Given information -
⁂

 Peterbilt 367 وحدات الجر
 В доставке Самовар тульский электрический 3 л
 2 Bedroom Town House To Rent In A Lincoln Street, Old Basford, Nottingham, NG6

⁂

Exercise -
Word for word, please return the lines from the one containing "В доставке Самовар" through the end of the listing, both ends included, and nothing else.

Solution below -
 В доставке Самовар тульский электрический 3 л
 2 Bedroom Town House To Rent In A Lincoln Street, Old Basford, Nottingham, NG6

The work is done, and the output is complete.